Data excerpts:

********

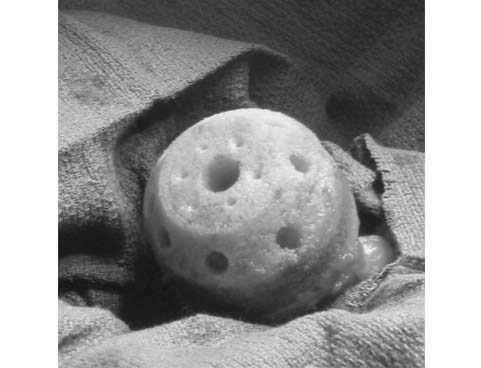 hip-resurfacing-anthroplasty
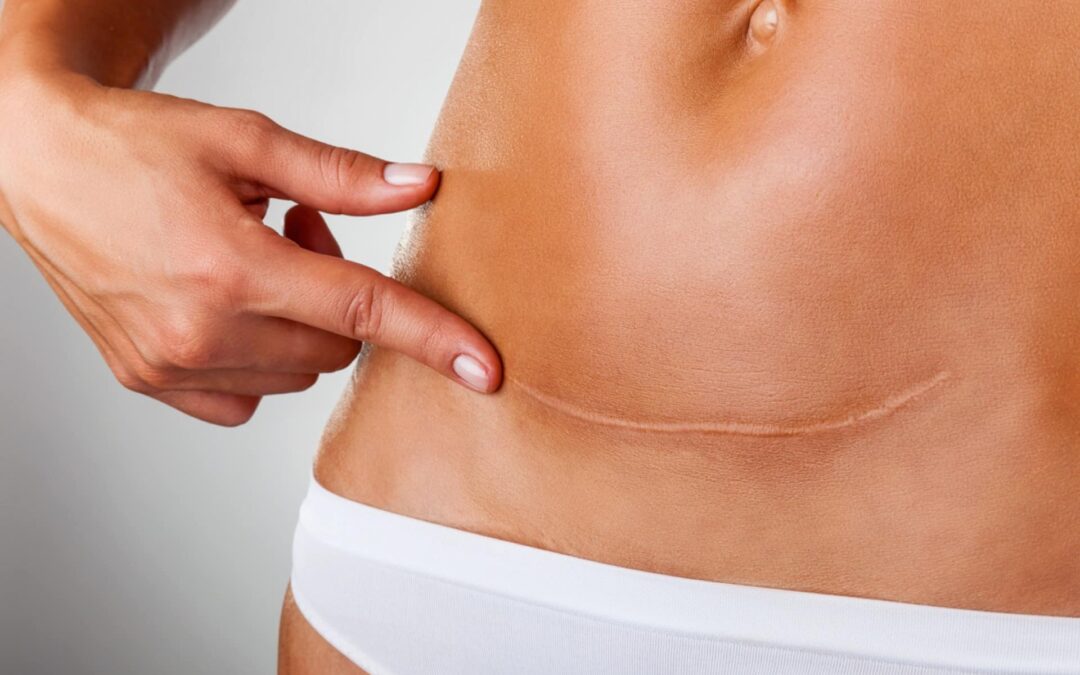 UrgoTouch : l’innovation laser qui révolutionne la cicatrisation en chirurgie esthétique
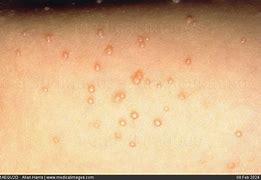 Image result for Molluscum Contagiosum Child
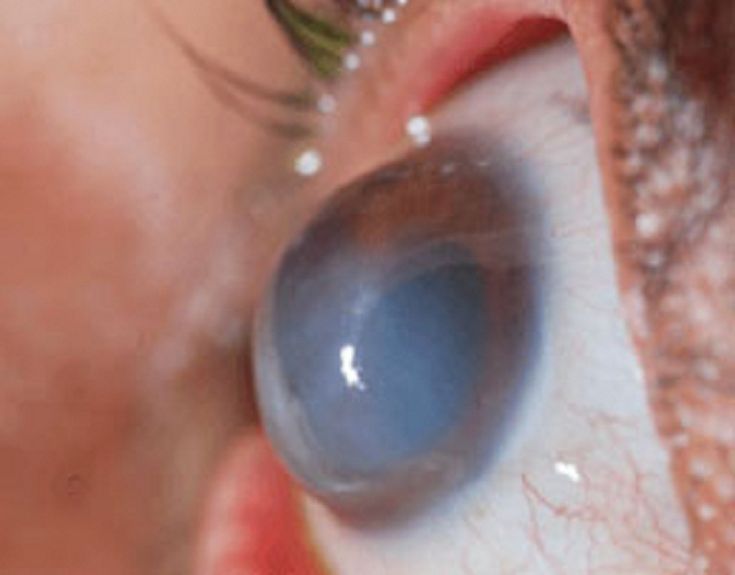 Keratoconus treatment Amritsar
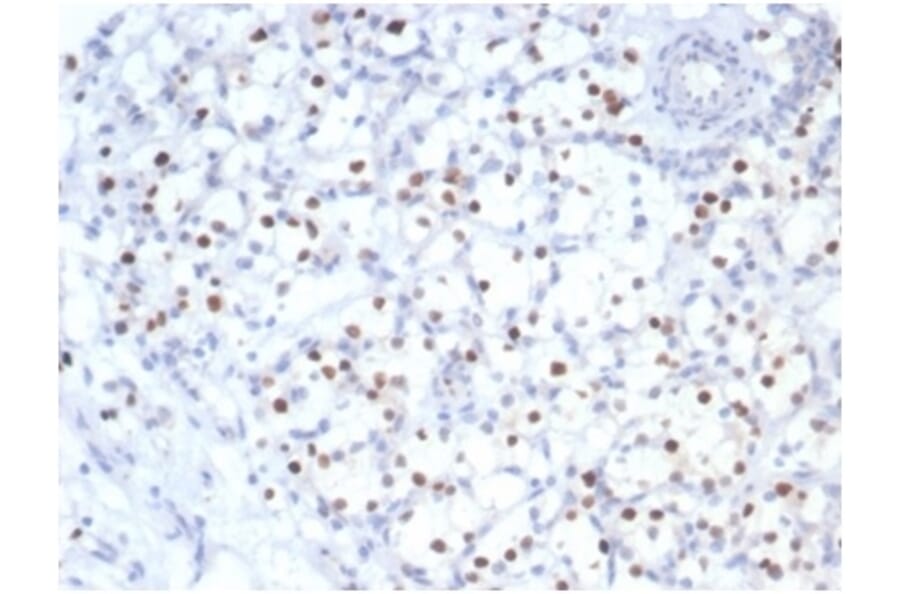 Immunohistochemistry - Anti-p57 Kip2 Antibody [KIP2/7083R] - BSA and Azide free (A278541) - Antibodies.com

********

TASK REQUIREMENTS:
All of the records need to be restated word for word, but not the pictures.

EXERCISE ANSWER:
 hip-resurfacing-anthroplasty
 UrgoTouch : l’innovation laser qui révolutionne la cicatrisation en chirurgie esthétique
 Image result for Molluscum Contagiosum Child
 Keratoconus treatment Amritsar
 Immunohistochemistry - Anti-p57 Kip2 Antibody [KIP2/7083R] - BSA and Azide free (A278541) - Antibodies.com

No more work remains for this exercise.